If the major Linux distributions, with all their resources (including many paid developers), cannot produce a reliable package rollback function, then it can't be in the least bit easy.
I think a more viable solution in the case of Linux is the use of a file system that supports snapshots. When Btrfs finally replaces ext4 as the main Linux file system this could become a possibility, providing the creation and restoration of snapshots can be made simple enough for the average user to perform.
Sometimes it's not that things can't be done as simply that no one wants to do them or they have higher/different priorities. For instance, openSUSE on ARM - not only have other distros ported to ARM, openSUSE's build service is capable of compiling all of openSUSE for ARM now. However, there's the work of fixing packages that assume only x86 or need patches and applying the patches that probably already exist for the Fedora/Debian ARM ports. It was talked about since 2009 and some work was done, but there's just really no one (with ARM knowledge) interested in going the last mile to polish and test an ARM port, so it still doesn't exist even though it would be easier than other distros to port thanks to the build service.

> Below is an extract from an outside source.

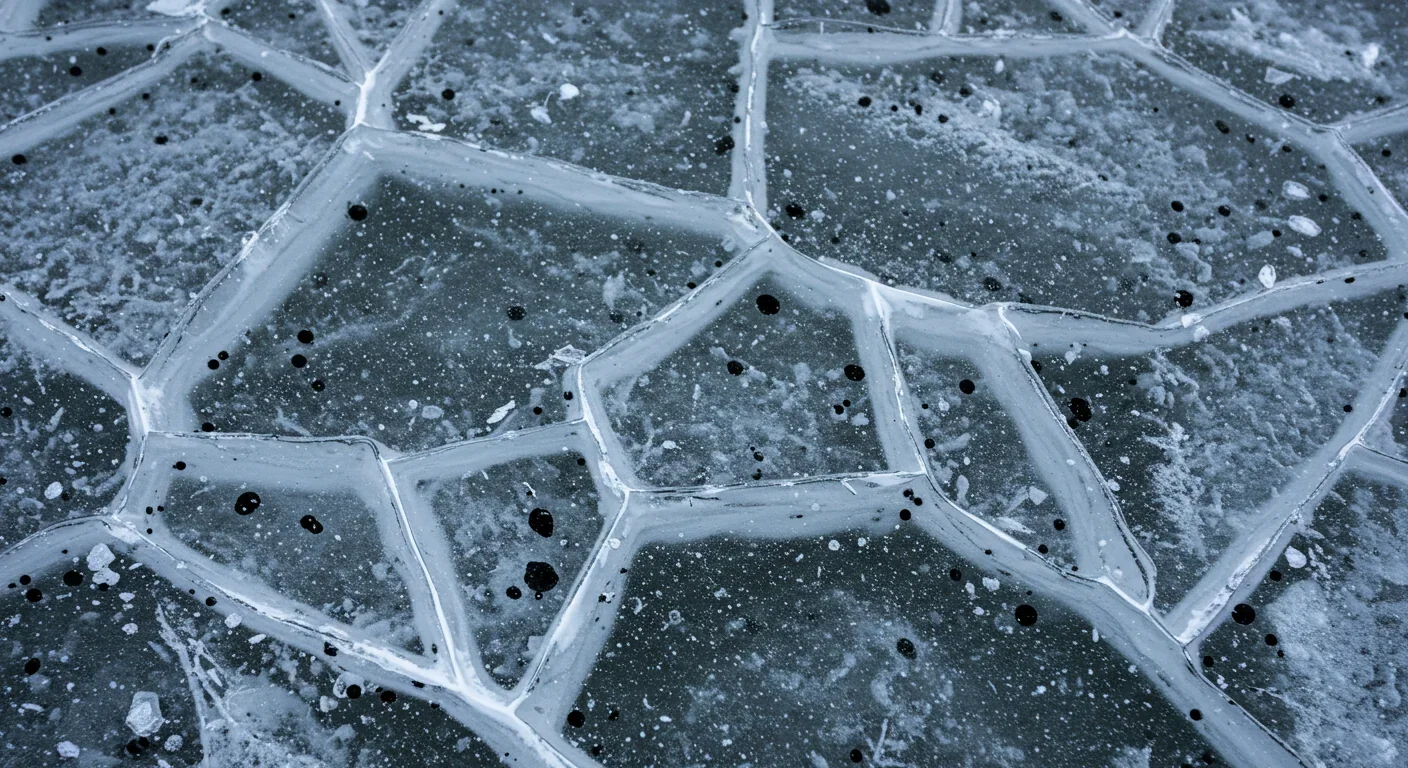 Detailed view of convection cell boundaries showing ice fragments and sublimation pits on Pluto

Fitzcarraldo I remember you were the only one who took my ideas for rollback seriously when I (pleadingly ) brought them up the first time. At that time rather than recommending btrfs you told me all about the NILFS filesystem instead. It's a great idea and the best method as long as you can do partial rollbacks (rolling back system files but not data). Unfortunately neither of these filesystems are solid enough for reliable deployment today.
What about something like rsnapshot?